Allowing the spirit of the law to be used to refine, or even reshape, the letter may sound radical or heretical to a theologian; lawyers, however, are somewhat more used to the idea. Legal philosophers were long aware of the problem of expressing transcendent and immeasurable principles of justice in imperfect and finite human words. Because of this problem, there developed in the grand common law tradition of England a branch of law known as equity.

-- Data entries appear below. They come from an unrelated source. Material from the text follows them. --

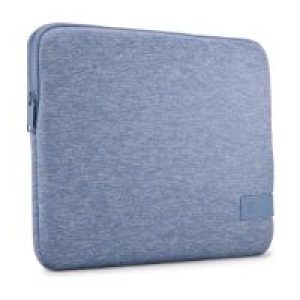Funda CASE LOGIC Reflect 13″ Poliéster Azul (3204875)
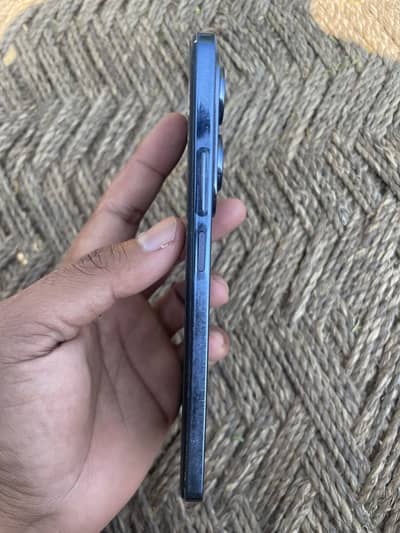 Mobile for sale Urgent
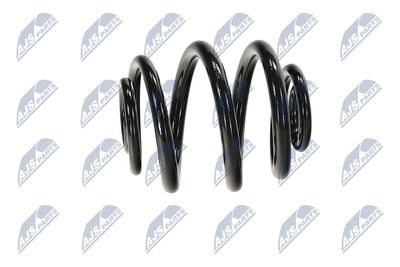 ARC SPIRAL NTY ASZAU034 26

Equity was a series of interpretive customs that a judge could call upon to adjust or adapt a law when the application of its letter would violate its spirit. Equity was not the same as situation ethics, or legal relativism. It was the opposite: recognition that there is something behind and beyond human laws, a higher justice and righteousness that these laws imperfectly reflected and must serve as a continuing guide and touchstone for them.7

With a loss of the sense of the transcendent in the educational and legal communities, there was a rise of legal positivism, which insisted all laws were purely human constructs. Thus, the theory behind equity was lost sight of and basically abandoned as a legal category. But the practice of equity, I would argue, continues today in at least one important community: Christian churches. As one scholar has put it: “virtually all Christian sects and individuals will grant that some prescriptions and proscriptions of Scripture are no longer relevant or applicable to Christians in the world today.”8

Such judgments are made not just with Old Testament (OT) law but also with New Testament (NT) instructions. Most Christians have bank accounts and pension funds despite Christ’s injunction to “ ‘not store up for your- selves treasures on earth’ ” (Matt. 6:19). Likewise, almost all Christian churches in the West allow women to attend worship services with uncovered heads (1 Cor. 11:10), and most Western Christians do not practice the art of the holy kiss, despite Paul repeating this instruction in four separate places (Rom. 16:16; 1 Cor. 16:20; 2 Cor. 13:12; 1 Thess. 5:26).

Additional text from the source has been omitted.